What you should do ::
No pictures go into the copy. Write out exactly the lines below from the one containing "Blaze @ The" through the one containing "Building Photo - 2565 Ventura Cir".

Data supplied ::
┄┄┄┄┄┄

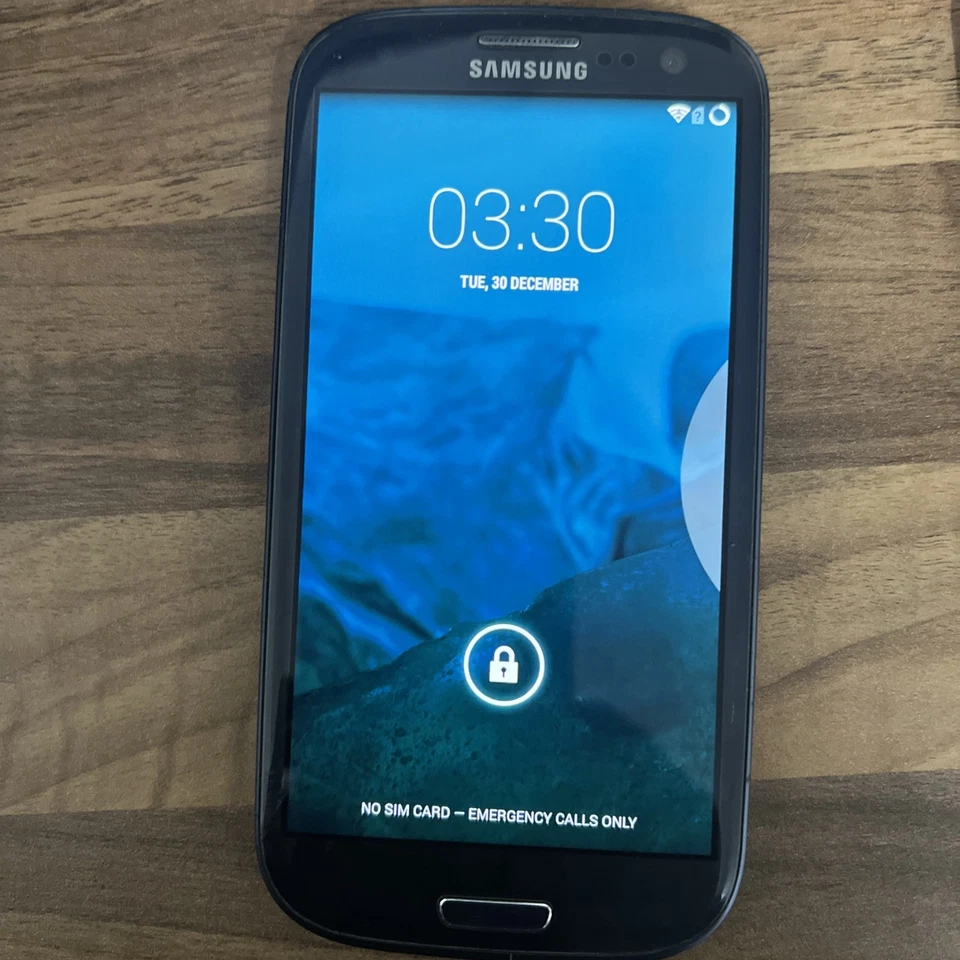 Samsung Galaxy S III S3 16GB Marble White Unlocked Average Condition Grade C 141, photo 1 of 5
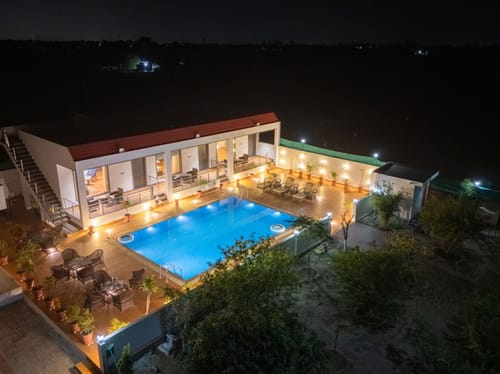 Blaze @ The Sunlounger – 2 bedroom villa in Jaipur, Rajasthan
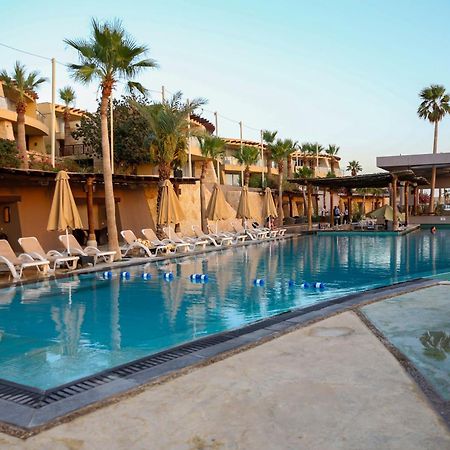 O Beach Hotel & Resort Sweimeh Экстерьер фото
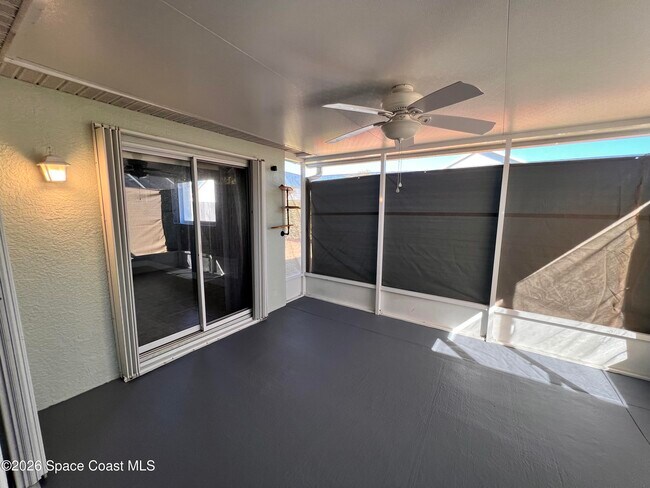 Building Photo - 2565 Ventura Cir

┄┄┄┄┄┄

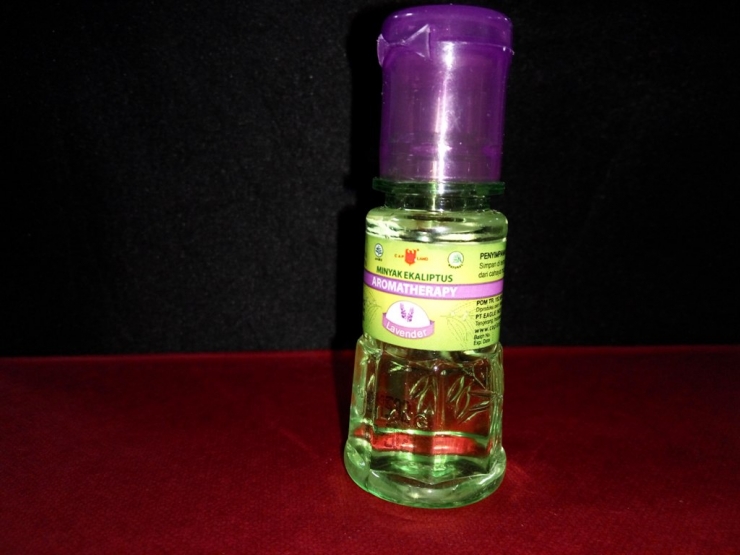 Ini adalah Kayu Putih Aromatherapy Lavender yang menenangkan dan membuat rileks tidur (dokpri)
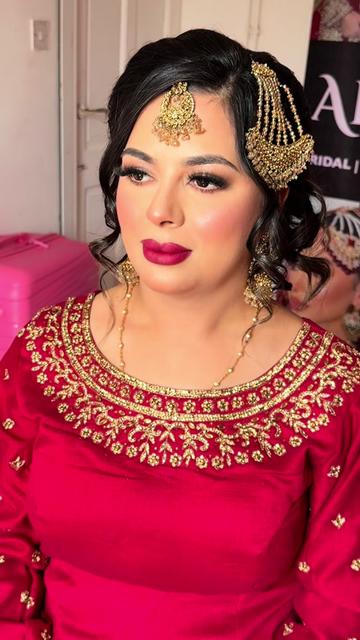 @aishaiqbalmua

┄┄┄┄┄┄

Result of the task ::
 Blaze @ The Sunlounger – 2 bedroom villa in Jaipur, Rajasthan
 O Beach Hotel & Resort Sweimeh Экстерьер фото
 Building Photo - 2565 Ventura Cir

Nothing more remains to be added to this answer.